Private equity seen as key to Africa's infrastructure speed up

Vuyo Ntoi, AIIM's Head of Southern & Central Africa is quoted in an article following his insights on mobilising private equity for infrastructure development presented at the Botswana Resource Sector Conference on 14 June 2016.

The private equity industry is playing an increasingly critical role in funding the infrastructure deficit in
Africa. This is according to the latest figures from the Southern African Venture Capital and Private Equity
Association (SAVCA) 2016 Private Equity Industry Performance Survey.

Erika van der Merwe, SAVCA CEO, private equity investment in African infrastructure has been an
emerging theme over the past decade.

The survey showed that of the R165,3 billion in assets under management in Southern African private
equity in 2015, around R23,8 billion (14.5%) were from funds with a dedicated infrastructure mandate.

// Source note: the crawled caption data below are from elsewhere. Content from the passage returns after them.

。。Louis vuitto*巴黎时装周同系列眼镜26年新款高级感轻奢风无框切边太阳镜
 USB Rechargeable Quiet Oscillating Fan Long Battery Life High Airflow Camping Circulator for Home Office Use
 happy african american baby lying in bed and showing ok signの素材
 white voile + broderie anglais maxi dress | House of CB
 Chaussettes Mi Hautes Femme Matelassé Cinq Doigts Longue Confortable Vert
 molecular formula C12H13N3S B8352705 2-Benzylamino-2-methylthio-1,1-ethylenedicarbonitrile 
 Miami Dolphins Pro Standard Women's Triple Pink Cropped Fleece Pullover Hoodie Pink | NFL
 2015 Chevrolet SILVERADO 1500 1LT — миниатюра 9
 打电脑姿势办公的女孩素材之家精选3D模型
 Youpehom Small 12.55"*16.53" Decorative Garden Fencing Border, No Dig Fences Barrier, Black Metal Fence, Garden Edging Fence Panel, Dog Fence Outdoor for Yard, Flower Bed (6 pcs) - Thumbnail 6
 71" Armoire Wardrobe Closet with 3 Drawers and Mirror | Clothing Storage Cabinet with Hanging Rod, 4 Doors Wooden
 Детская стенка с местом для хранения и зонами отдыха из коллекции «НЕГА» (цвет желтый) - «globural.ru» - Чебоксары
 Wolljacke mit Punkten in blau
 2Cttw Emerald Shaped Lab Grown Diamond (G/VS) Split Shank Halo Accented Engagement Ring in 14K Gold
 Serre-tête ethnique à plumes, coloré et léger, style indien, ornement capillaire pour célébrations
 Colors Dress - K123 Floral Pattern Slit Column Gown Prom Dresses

This proportion was up from 7.6% in 2014. Nearly one fifth (23.2%) of the industry’s unrealised investment
portfolio in 2015 was in infrastructure. Of the transactions concluded by Southern African private equity
managers in 2015, 14.2% were in the infrastructure sector.

“Private equity funds from various regions have been investing actively in infrastructure projects across
sub-Saharan Africa, in the energy, transport and ICT sub-categories,” van der Merwe said, and added
that this trend was set to continue.

“Investment into African infrastructure offers compelling exposure to African growth, while simultaneously
helping to drive that growth. Unlike performances in other world regions, infrastructure assets in Africa
continue to offer private equity-style returns, and moreover enable private equity to invest in scale on a
continent where there are limited investment opportunities of sufficient size,” she said.

Vuyo Ntoi, investment director and head of Southern and Central Africa at African Infrastructure
Investment Managers (AIIM), agreed that private equity infrastructure in Africa would continue to grow
and attract new players, while creating a positive impact for consumers.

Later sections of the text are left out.